395 Par sainct Jehan, sire vous mentez !
De quoy ess(e) que vous démentez147 ?
Vous estes ung devin d’eaue doulce148.
S’i fault, par Dieu, que je vous touche
De cela149, je vous fairé taire !
LE DEVIN
400 Or attendez ! Bien se peult faire
Que j’ay failly, par advanture.
Vostre face, de sa nature,
Ressemble à celle de Jénin.
LA MÈRE
Est-il mon filz ?
JÉNIN
Par Dieu, nennin !
405 Ouy dea, attendez à demain150 !
Ma foy, je ne vous ayme grain151 ;
Messire Jehan j’ayme bien mieulx.
Dea ! c’est mon père, se m’ayst Dieulx !
Vous m’avez beau faire des mynes152.
LE DEVIN
410 Or paix ! Il fault que je devines.
Je ne veulx plus voz eaulx juger,
Car je ne me fais qu(e) abuser.
Pour vous accorder tous ensemble,
[Au moins ainsi comme il me semble,]153
415 Ilz ne sera filz de personne.
Car ma raison je treuve bonne :
Sa mère m’a dit que du prestre
N’est point le filz ; or ne veult estre
Jamais Jénin le filz sa mère :
420 Or donc, il n’a mère ne père,
Ne n’eust jamais.

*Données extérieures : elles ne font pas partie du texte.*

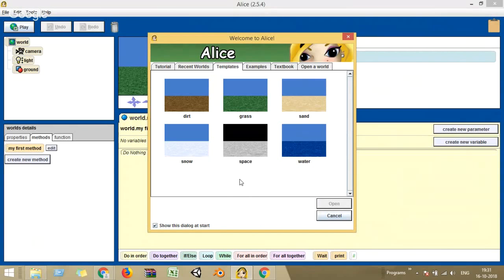Good evening everybody. On behalf of the STEAM Club of Rajalashmi Institute of Technology, I welcome you all to the third webinar of our STEAM technical webinar series. Thanks for once again joining us in this late hour. Today we are going to see a software called Alice.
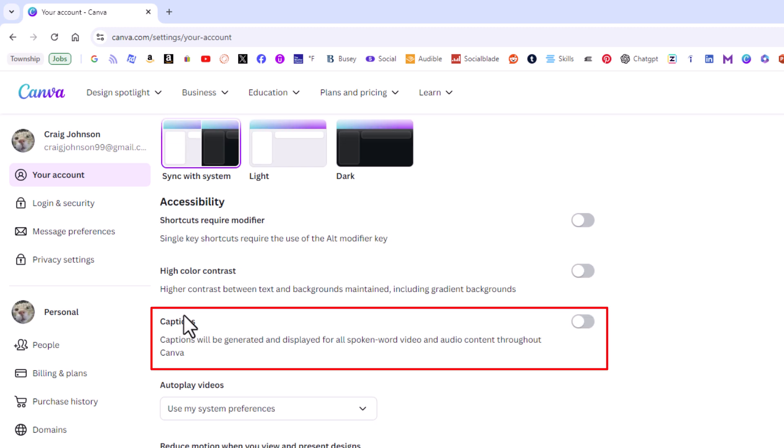Captions. It says captions will be generated and displayed for all spoken word video and audio content throughout Canva.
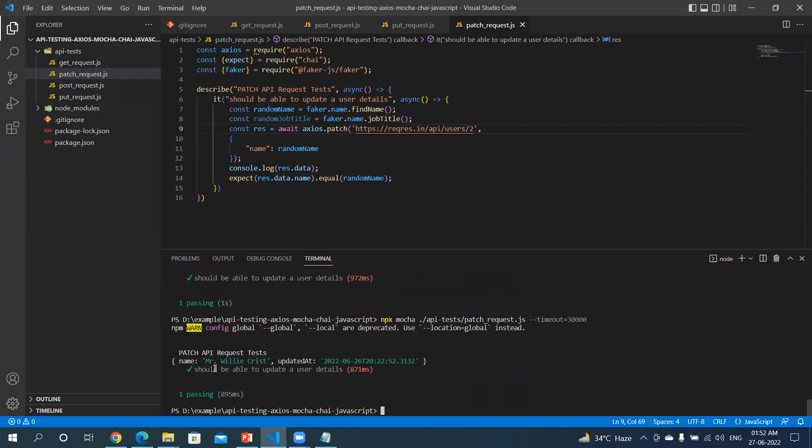Yes, it got changed to Mr. Will. Okay, thanks for watching this video. If you like this video, please give it a thumbs up.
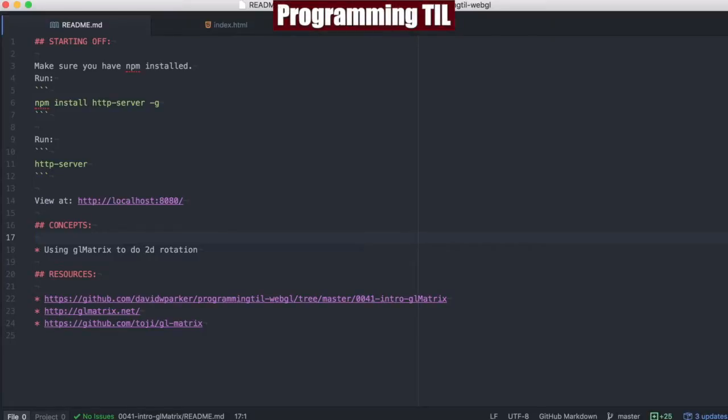Hello, I am David W. Parker, and this is Programming Today I Learned, WebGL Series, Episode 41. We're going to be looking at GLMatrix, this new library, or new for the series.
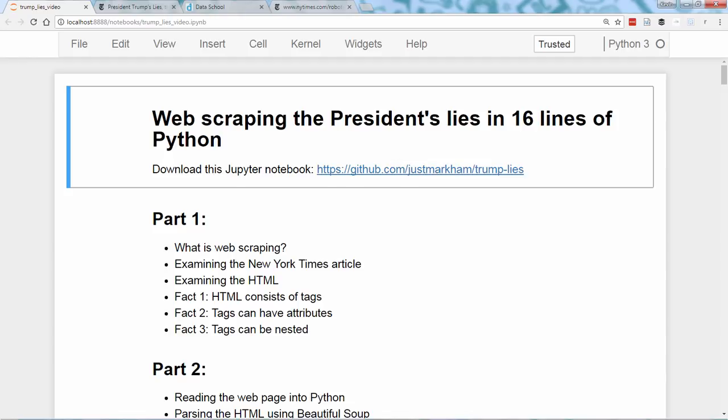Hello, and welcome to part one of Web Scraping with Python. This is a four-part introductory tutorial in which you'll use web scraping to build a dataset from a New York Times article about President Trump. If you'd like to follow along at home, you can download this Jupyter Notebook from GitHub — there's a link to it in the description below.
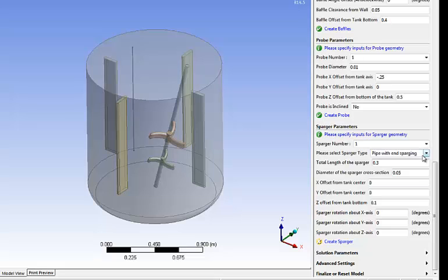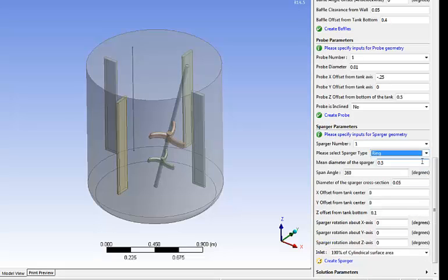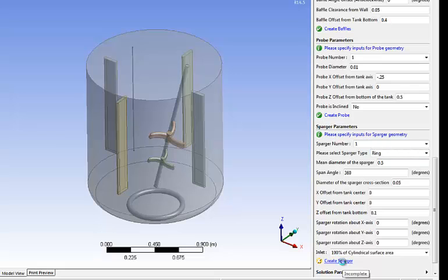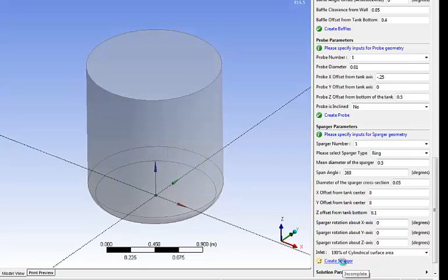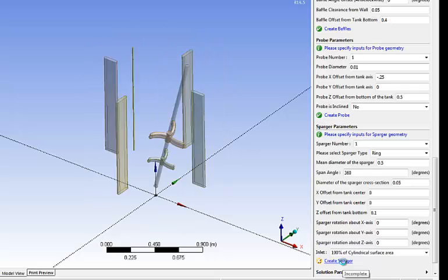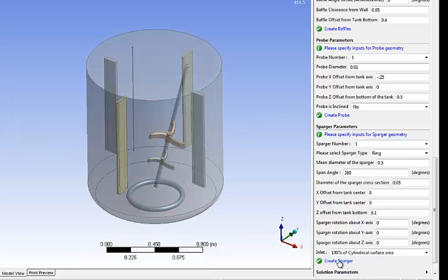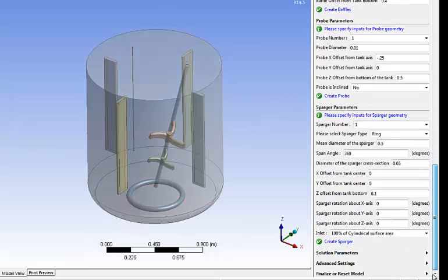Next thing is to set up the sparger. Same thing here. I have different options to create the sparger. I enter the dimension location and simply click create sparger. And here we have the full geometry.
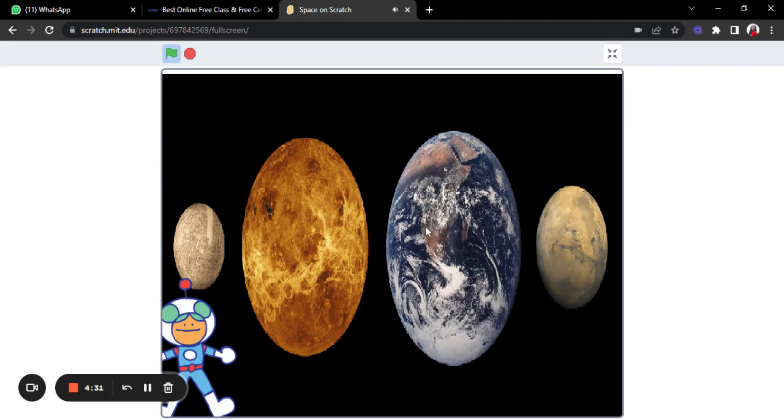Hello, I am Earth. I am the only planet which consists of life. I am not too far, not too close to the sun.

Vécy le point.
Il n’y avoit rien qu(e) ung pourpoint154
Sur sa mère, quant fut couchée ;
Or, sans qu’elle fût attouchée,
425 Tel enfant n’e[u]st sceu concepvoir :
Par quoy on peult appercevoir
Qu’il n’est filz d’homme ne de femme.
JÉNIN
A ! vrayement, doncques, par mon âme,
Je suis Jénin le filz de rien.
430 Adoncques, pour l’entendre bien,
Jénin n’est point le filz sa mère,
Aussy n’est point le filz son père :
Ergo, donc, je ne suis point filz
De155 père ne mère, vresbis !
435 Doncques, Jénin n’est point Jénin.
Qui suis-je donc ? Janot156 ? Nennin :
Je suis Jénin le filz de rien.
Je ne puis trouver le moyen
Sçavoir si je suis. Ne157 suis mye ?
440 Suis-ge Dieu, ou vierge Marie ?
Nennyn, ilz sont tous deux en Paradis.
Suis-ge dyable ? Qu’ess(e) que je dis :
Vrayement, je ne suis pas cornu.
Dieu sache dont je suis venu !
445 Pourtant, si ne suis-ge pas beste158 ;
Il est bon à veoir à ma teste
Que je suis faict ainsi qu(e) ung homme.
Et pour tant, je conclus en somme
Que je suis, et si, ne suis pas.
450 Suis-ge sainct Pierre, ou sainct Thomas ?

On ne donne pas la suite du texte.